**ASSIGNED TASK**:
Which lines in the data below contain the string "little"? Show each one.

**LISTED RECORDS**:

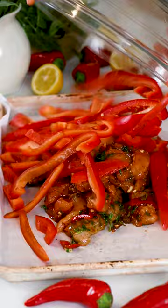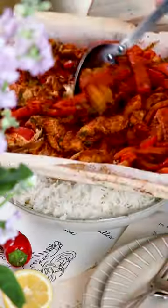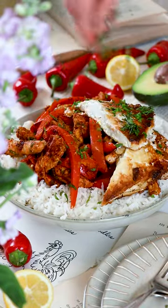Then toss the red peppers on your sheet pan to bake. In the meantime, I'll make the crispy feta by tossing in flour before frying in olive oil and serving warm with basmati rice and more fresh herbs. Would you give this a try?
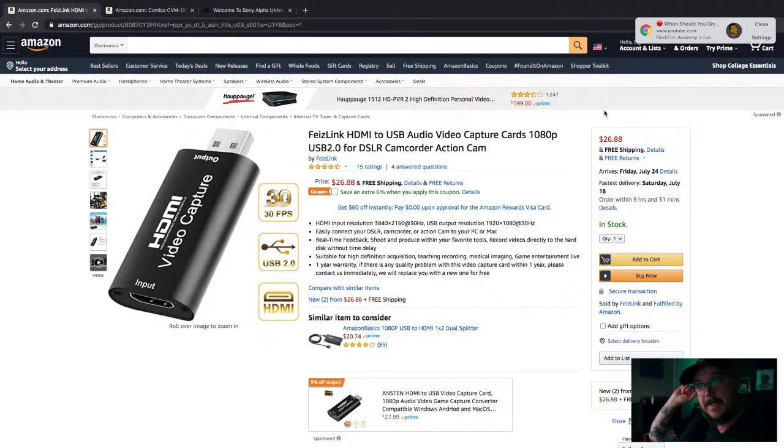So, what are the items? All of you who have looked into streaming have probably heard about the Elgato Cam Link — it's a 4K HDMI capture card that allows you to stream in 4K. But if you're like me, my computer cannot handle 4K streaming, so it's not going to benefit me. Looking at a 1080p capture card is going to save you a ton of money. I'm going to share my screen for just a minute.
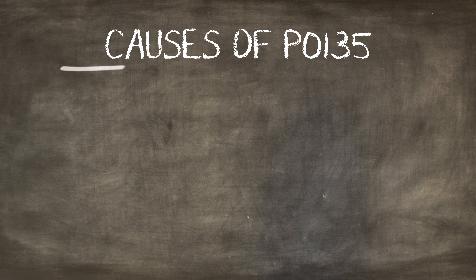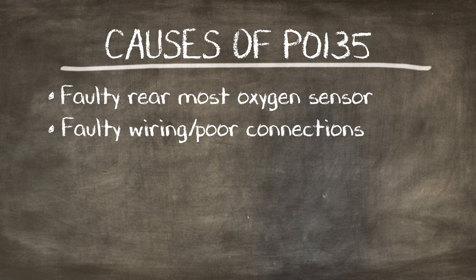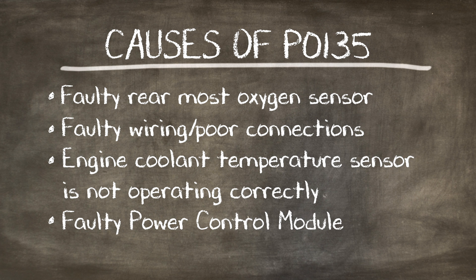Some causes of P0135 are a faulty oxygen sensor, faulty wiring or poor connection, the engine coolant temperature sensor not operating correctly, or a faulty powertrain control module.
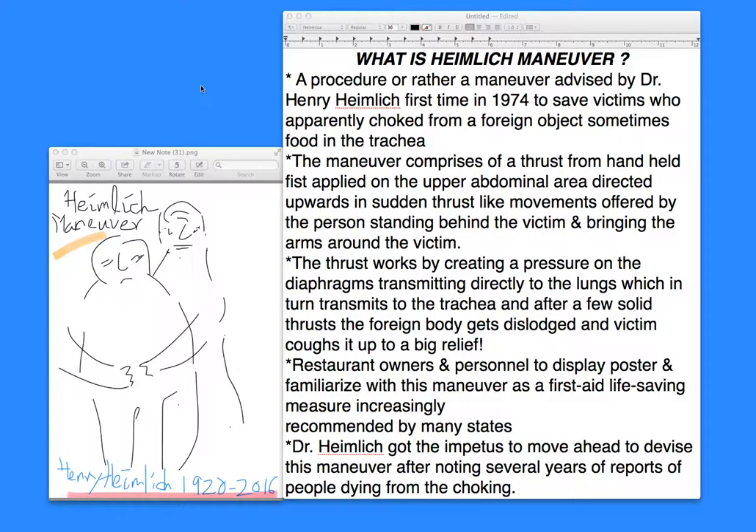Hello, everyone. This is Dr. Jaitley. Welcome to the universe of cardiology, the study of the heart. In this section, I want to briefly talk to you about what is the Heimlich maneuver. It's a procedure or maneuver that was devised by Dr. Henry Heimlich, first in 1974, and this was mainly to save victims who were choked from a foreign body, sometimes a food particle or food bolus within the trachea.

* * *

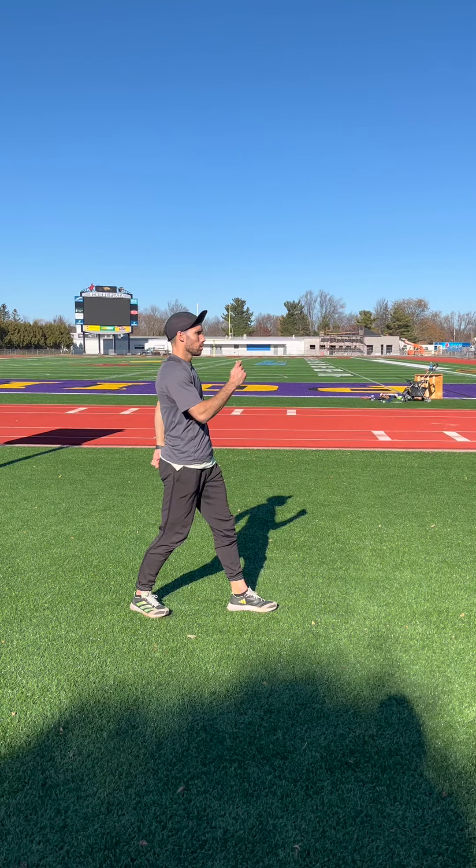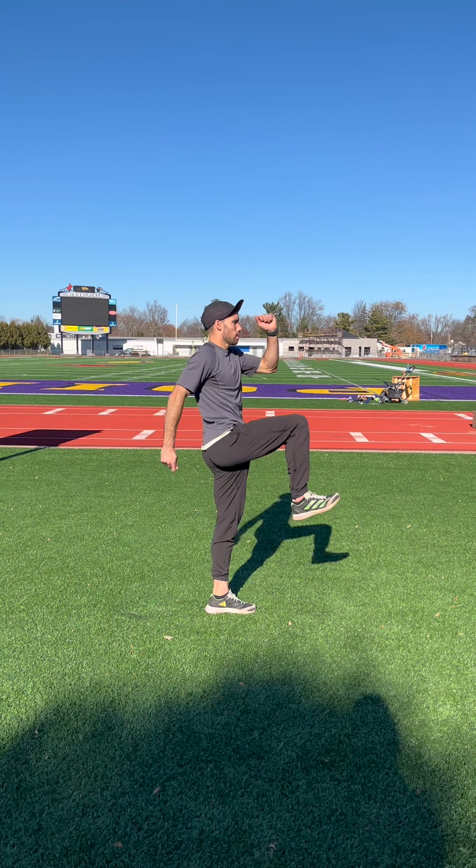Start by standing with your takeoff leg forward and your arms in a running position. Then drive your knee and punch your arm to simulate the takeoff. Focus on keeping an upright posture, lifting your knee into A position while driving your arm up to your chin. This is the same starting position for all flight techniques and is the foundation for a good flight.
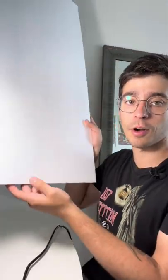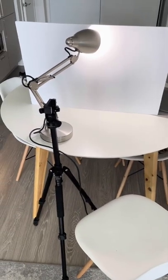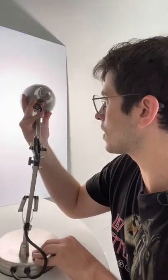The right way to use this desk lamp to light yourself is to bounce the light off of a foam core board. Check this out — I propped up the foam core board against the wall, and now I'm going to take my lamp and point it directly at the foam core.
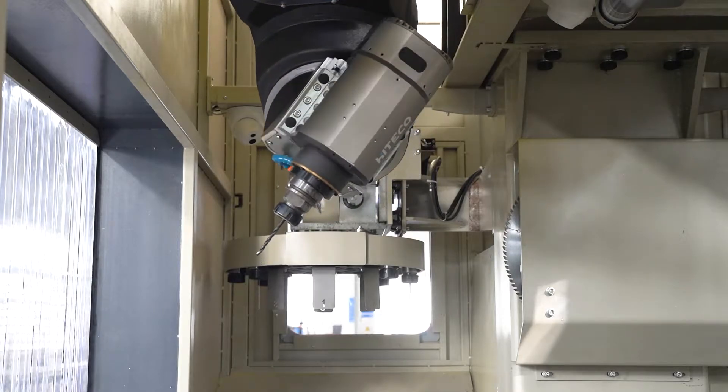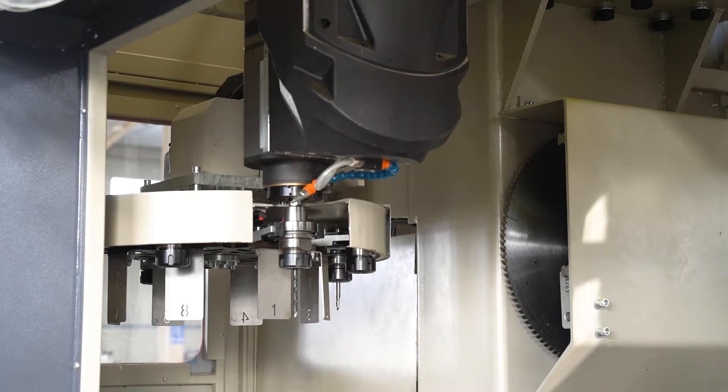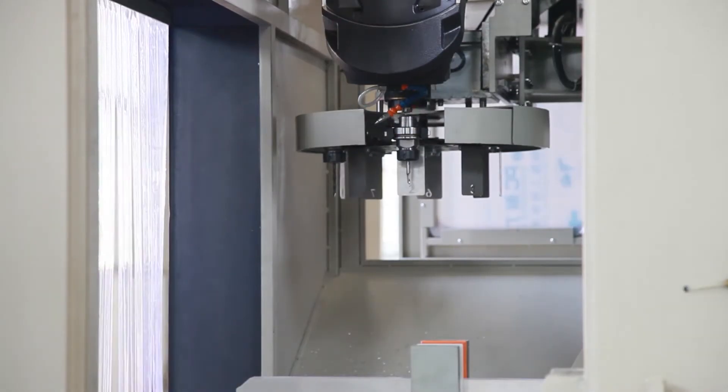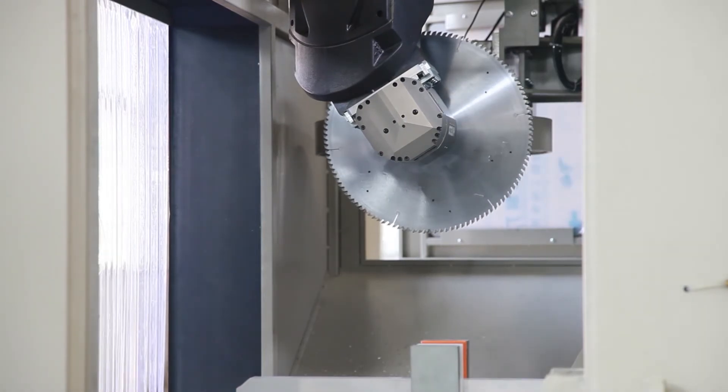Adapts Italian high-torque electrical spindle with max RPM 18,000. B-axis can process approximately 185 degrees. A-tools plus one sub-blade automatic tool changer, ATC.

* * *

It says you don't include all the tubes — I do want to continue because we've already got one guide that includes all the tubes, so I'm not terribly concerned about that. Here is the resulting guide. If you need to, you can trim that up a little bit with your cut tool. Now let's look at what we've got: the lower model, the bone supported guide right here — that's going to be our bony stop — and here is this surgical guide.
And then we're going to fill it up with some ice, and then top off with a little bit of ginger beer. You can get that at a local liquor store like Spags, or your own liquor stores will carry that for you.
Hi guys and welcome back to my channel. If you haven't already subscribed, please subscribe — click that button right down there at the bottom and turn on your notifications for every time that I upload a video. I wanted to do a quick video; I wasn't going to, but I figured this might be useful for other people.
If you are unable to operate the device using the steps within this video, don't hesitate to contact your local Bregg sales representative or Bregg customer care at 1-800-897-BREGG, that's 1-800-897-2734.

**YOUR RESPONSE**:
It says you don't include all the tubes — I do want to continue because we've already got one guide that includes all the tubes, so I'm not terribly concerned about that. Here is the resulting guide. If you need to, you can trim that up a little bit with your cut tool. Now let's look at what we've got: the lower model, the bone supported guide right here — that's going to be our bony stop — and here is this surgical guide.
And then we're going to fill it up with some ice, and then top off with a little bit of ginger beer. You can get that at a local liquor store like Spags, or your own liquor stores will carry that for you.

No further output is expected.